Notice: The reproducibility variables underlying each score are classified using an automated LLM-based pipeline, validated against a manually labeled dataset. LLM-based classification introduces uncertainty and potential bias; scores should be interpreted as estimates. Full accuracy metrics and methodology are described in Coakley et alK. L. Coakley, T. Snelleman, H. Hoos, and O. E. Gundersen, "The embrace of open science: An analysis of a decade of AI research and 56 800 conference papers," Under Review, 2026..

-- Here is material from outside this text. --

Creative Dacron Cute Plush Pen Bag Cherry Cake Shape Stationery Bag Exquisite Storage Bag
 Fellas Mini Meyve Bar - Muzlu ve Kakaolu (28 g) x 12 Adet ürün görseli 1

Efficient Preference-Based Reinforcement Learning: Randomized Exploration meets Experimental Design

Authors: Andreas Schlaginhaufen, Reda Ouhamma, Maryam Kamgarpour

NeurIPS 2025 | Venue PDF | LLM Run Details

Reproducibility Variable Result LLM Response
Research Type Experimental Empirical evaluation confirms that the proposed method is competitive with rewardbased reinforcement learning while requiring a small number of preference queries. We first validate our theoretical results on regret minimization in a tabular gridworld environment, where our RL oracle assumption provably holds, and then compare Algorithm 1 and 3 on more challenging continuous control tasks.
Researcher Affiliation Academia Andreas Schlaginhaufen SYCAMORE, EPFL Reda Ouhamma SYCAMORE, EPFL Maryam Kamgarpour SYCAMORE, EPFL
Pseudocode Yes Algorithm 1: RPO Regret (online preference learning for regret minimization) Algorithm 2: RPO Explore (preference-free exploration and batched reward estimation) Algorithm 3: LRPO-OD-Regret (lazy randomized preference optimization with optimal design) Algorithm 4: Greedy D-Optimal Design
Open Source Code Yes The code is openly accessible at https://github.com/andrschl/isaac_rlhf.
Open Datasets No The paper mentions using the "Isaac-Cartpole-v0 environment from Nvidia Isaac Lab" and a "tabular gridworld environment". While these are well-known environments, the paper does not provide concrete access information (link, DOI, specific citation to a dataset paper) for a *dataset* used in the experiments. It describes generating data within these environments, rather than using a pre-existing publicly available dataset that it provides access to.
Dataset Splits No The paper does not explicitly provide dataset splits (e.g., percentages or sample counts for training, testing, or validation). It describes generating data during interaction with simulation environments: "We train over 30 RLHF iterations, using 30 steps of PPO at each iteration, and training is repeated for 20 independent seeds." This describes the experimental run setup rather than predefined data splits.
Hardware Specification Yes Experiments were executed on a single machine equipped with an Intel i9-14900KS CPU and an NVIDIA RTX 4090 GPU; completing 30 RLHF iterations required approximately 2 min 50 s.
Software Dependencies No The paper mentions using "Isaac Lab" and "PPO [Schulman et al., 2017]" but does not specify version numbers for these or other software libraries like Python, PyTorch, etc.
Experiment Setup Yes All experiments run on Isaac Lab s unmodified Isaac-Cartpole-v0 environment using the default PPO configuration. We train over 30 RLHF iterations, using 30 steps of PPO at each iteration, and training is repeated for 20 independent seeds. For the randomized exploration, we set βt = 0.001 + 0.1 max(1, log t) and λ = 1, and for lazy updates we set C = 0.5. At each RLHF iteration we compare 100 independently sampled trajectories. For the maximum likelihood estimation we perform 50 Adam steps (batch size 64, ℓ2 penalty λ = 10 1).